Steve Jordan (born January 14, 1957) is an American musical director, producer, songwriter, and musician. During the 1970s and 1980s, he was a member of the bands for the television shows Saturday Night Live and Late Night with David Letterman.

In the early 1980s, Jordan was a member of the band "Eye Witness", along with Anthony Jackson on bass, and Manolo Badrena on percussion. Since the mid 1980s, Jordan has also been a member of the X-Pensive Winos, the side project of Rolling Stones guitarist Keith Richards. Jordan and Richards have been production and songwriting partners on many of Richards's solo works. In 2005, he became a member of the John Mayer Trio. Jordan also formed the band "The Verbs", which he fronts, with his wife Meegan Voss. On August 5, 2021, it was reported that Charlie Watts had elected to sit out the resumption of the US No Filter Tour due to a heart procedure surgery and that Jordan would temporarily replace him on drums. Following Watts' death, he has played with the Stones both live and in studio.

Early years
Jordan attended New York City's High School of Music and Art, graduating in 1974.

Jordan was a teenager when he became an honorary member of Stevie Wonder’s band "WonderLove". He also was a substitute drummer in the band "Stuff" in 1976  and played with Joe Cocker on his American tour. Later, he played drums for the Saturday Night Live band in the 1970s. When John Belushi and Dan Aykroyd toured as The Blues Brothers in the late 1970s, Jordan was their drummer, and recorded on their resulting albums, credited as Steve "Getdwa" Jordan. He did not, however, appear in the movie of the same name. Jordan also played in the New York "24th Street Band" with  Will Lee, Clifford Carter, and Hiram Bullock which later became Paul Shaffer and the World's Most Dangerous Band, which played on Late Night with David Letterman from 1982 to 1986.

X-Pensive Winos and Chuck Berry 
Jordan, along with fellow Shaffer alumnus Anton Fig, appeared on the Rolling Stones' 1986 release Dirty Work, playing percussion, not drums, contrary to rumors. Keith Richards then hired Jordan to play on Aretha Franklin's cover of "Jumpin' Jack Flash" for a film of the same name.

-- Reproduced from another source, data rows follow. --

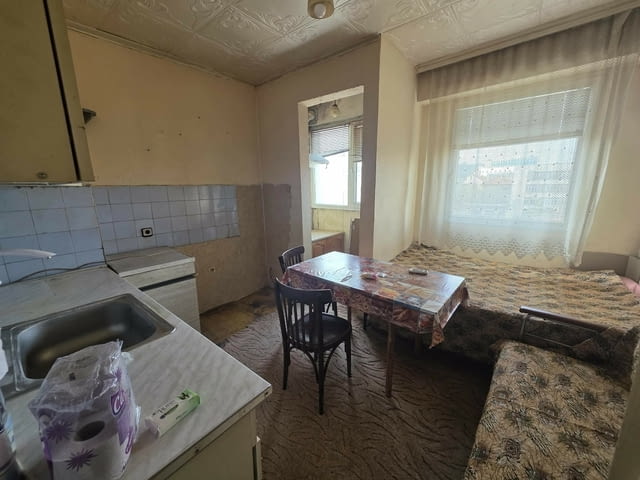 Тристаен апартамент в широк център, гр.Хасково 3-стаен, 81 м2, Панел - град Хасково | Апартаменти - снимка 3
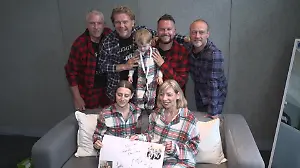 "Caught in the Act"-Fantreffen Im Schlafanzug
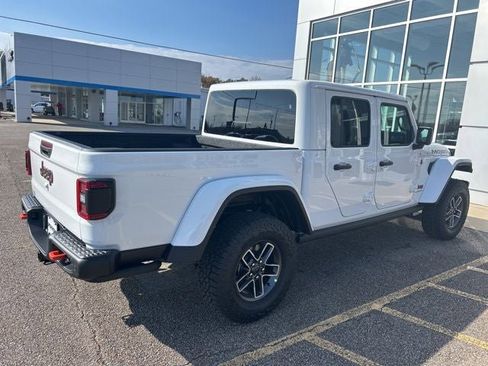 New 2026 Jeep Gladiator Mojave image 4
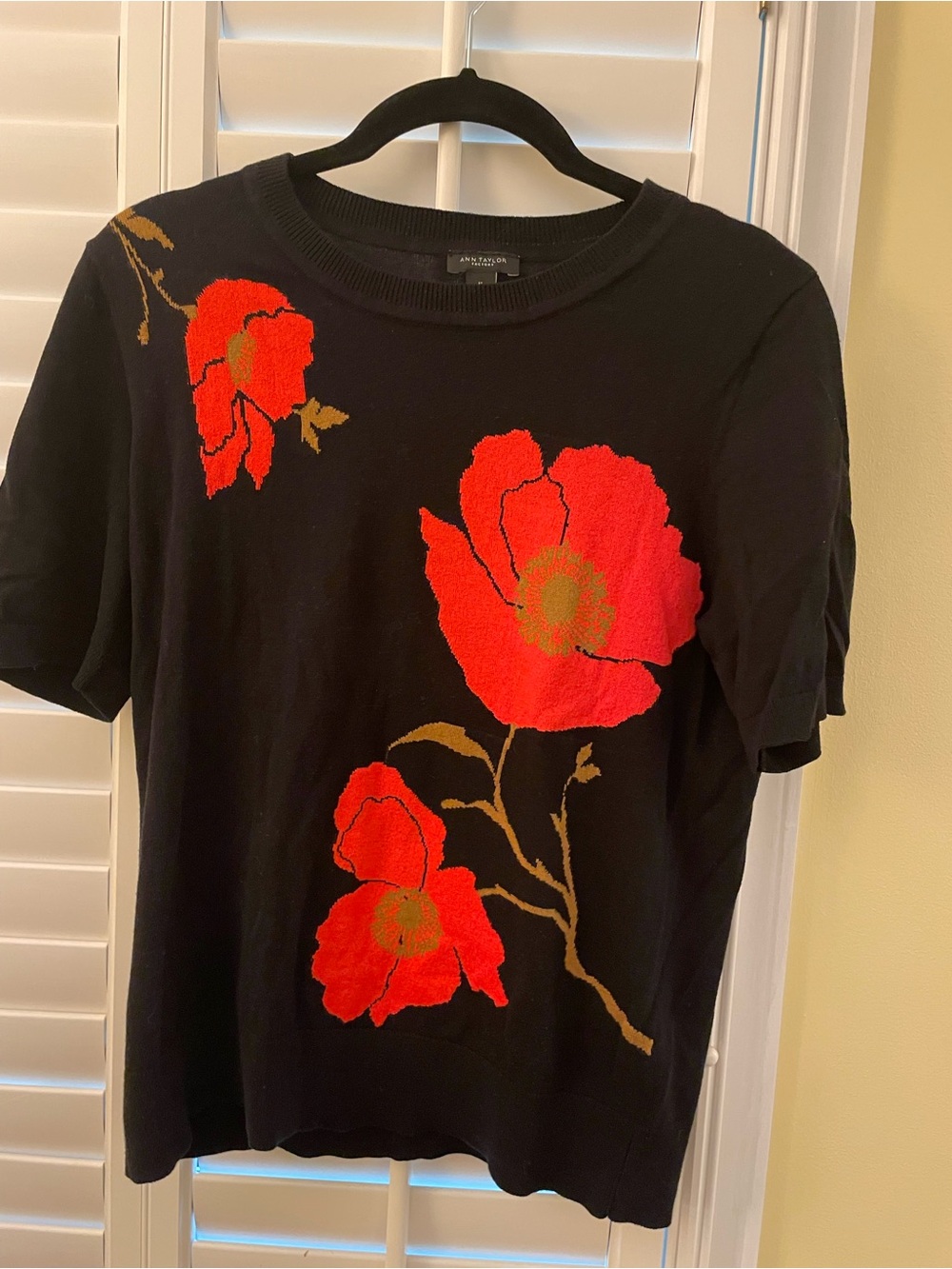 Ann Taylor Factory Black Knit Top with Bold Red Flowers
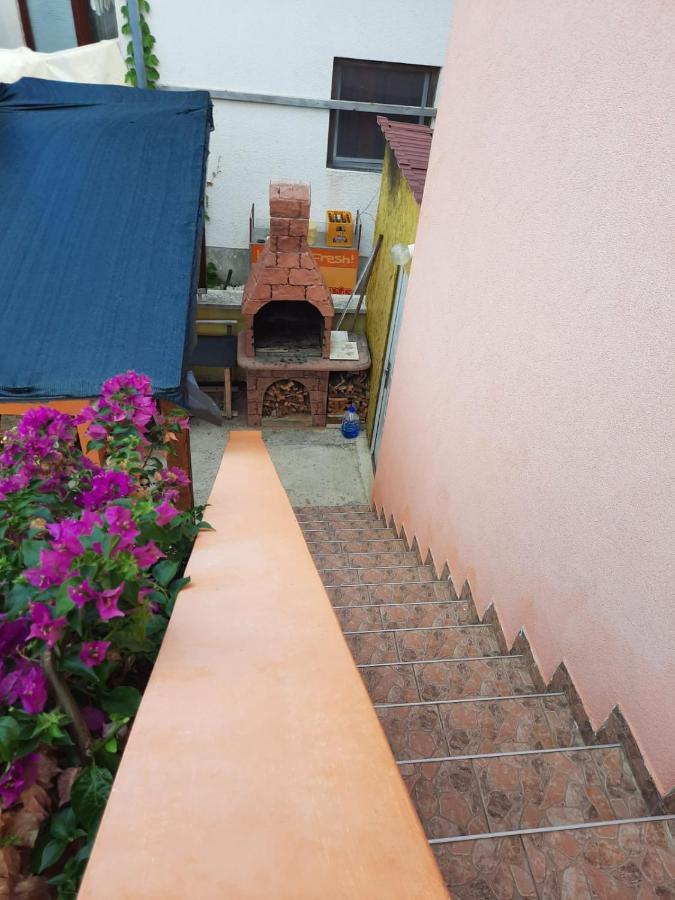 Anita Apartment วีร์ ภายนอก รูปภาพ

According to Richards, Jordan kept asking Richards on the plane ride home from the recording session with Franklin in Detroit, to be included in the upcoming documentary by Taylor Hackford Hail! Hail! Rock 'n' Roll, a tribute to Chuck Berry. Richards had been hoping to include Charlie Watts in the project but when this proved unfeasible, Jordan was hired and he appeared in many scenes with Berry and Richards. The success of this project led to Jordan's membership in Keith Richards and the X-pensive Winos, a band that toured and recorded three albums, Talk is Cheap (1988), Main Offender (1992), and Crosseyed Heart (2015). Jordan co-produced all three albums and is credited with songwriting, along with Richards. One of these collaborations made it onto the Billboard Hot 100 via the Rolling Stones Steel Wheels album version in 1989: "Almost Hear You Sigh" peaked at number 50 (U.S.) and 31 (U.K.) in December of that year.

The Verbs 
Jordan formed a band with his wife, Meegan Voss, who fronted the all-girl punk bands the PopTarts and the Antoinettes, and they have toured and recorded under the band name the Verbs. They toured Japan in 2007 in support of their first release, And Now... The Verbs. They followed their debut album with Trip, the next release by Jordan and Voss. As in their previous release, this album features Tamio Okuda on lead guitars, Pino Palladino on bass and additional classic guitar work by Danny "Kootch" Kortchmar.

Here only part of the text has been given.